## Task instructions
Locate the line that contains "Jesus heals a blind man coloring page" in the entries below, then repeat it and every following line through the line that contains "Antique Victorian Sterling", exactly, and no others.

○ ○ ○ ○ ○

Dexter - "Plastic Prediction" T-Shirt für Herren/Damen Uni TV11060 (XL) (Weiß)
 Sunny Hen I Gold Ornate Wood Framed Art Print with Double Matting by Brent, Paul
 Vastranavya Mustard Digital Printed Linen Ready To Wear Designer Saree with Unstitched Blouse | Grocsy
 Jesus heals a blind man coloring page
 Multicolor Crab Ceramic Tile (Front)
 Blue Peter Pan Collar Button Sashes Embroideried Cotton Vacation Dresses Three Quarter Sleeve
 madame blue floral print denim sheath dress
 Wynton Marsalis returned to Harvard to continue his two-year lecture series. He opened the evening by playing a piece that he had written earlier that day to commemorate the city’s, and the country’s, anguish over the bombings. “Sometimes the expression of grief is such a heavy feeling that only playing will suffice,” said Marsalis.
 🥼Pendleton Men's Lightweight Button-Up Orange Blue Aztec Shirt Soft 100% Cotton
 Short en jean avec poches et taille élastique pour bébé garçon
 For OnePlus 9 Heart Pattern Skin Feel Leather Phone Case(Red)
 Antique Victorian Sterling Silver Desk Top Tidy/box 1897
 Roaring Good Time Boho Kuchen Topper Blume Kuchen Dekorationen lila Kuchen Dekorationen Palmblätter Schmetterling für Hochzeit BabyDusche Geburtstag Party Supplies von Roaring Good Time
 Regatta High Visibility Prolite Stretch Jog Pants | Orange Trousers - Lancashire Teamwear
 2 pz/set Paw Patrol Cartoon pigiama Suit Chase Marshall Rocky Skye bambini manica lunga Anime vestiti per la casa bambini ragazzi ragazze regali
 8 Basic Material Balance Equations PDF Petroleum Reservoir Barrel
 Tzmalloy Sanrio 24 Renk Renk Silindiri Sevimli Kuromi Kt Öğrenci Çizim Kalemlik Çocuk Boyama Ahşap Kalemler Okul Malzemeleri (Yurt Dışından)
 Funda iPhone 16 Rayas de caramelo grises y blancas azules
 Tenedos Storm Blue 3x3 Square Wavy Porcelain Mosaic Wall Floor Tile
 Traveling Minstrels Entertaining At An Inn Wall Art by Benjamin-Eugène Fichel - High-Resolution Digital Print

○ ○ ○ ○ ○

## Answer space
 Jesus heals a blind man coloring page
 Multicolor Crab Ceramic Tile (Front)
 Blue Peter Pan Collar Button Sashes Embroideried Cotton Vacation Dresses Three Quarter Sleeve
 madame blue floral print denim sheath dress
 Wynton Marsalis returned to Harvard to continue his two-year lecture series. He opened the evening by playing a piece that he had written earlier that day to commemorate the city’s, and the country’s, anguish over the bombings. “Sometimes the expression of grief is such a heavy feeling that only playing will suffice,” said Marsalis.
 🥼Pendleton Men's Lightweight Button-Up Orange Blue Aztec Shirt Soft 100% Cotton
 Short en jean avec poches et taille élastique pour bébé garçon
 For OnePlus 9 Heart Pattern Skin Feel Leather Phone Case(Red)
 Antique Victorian Sterling Silver Desk Top Tidy/box 1897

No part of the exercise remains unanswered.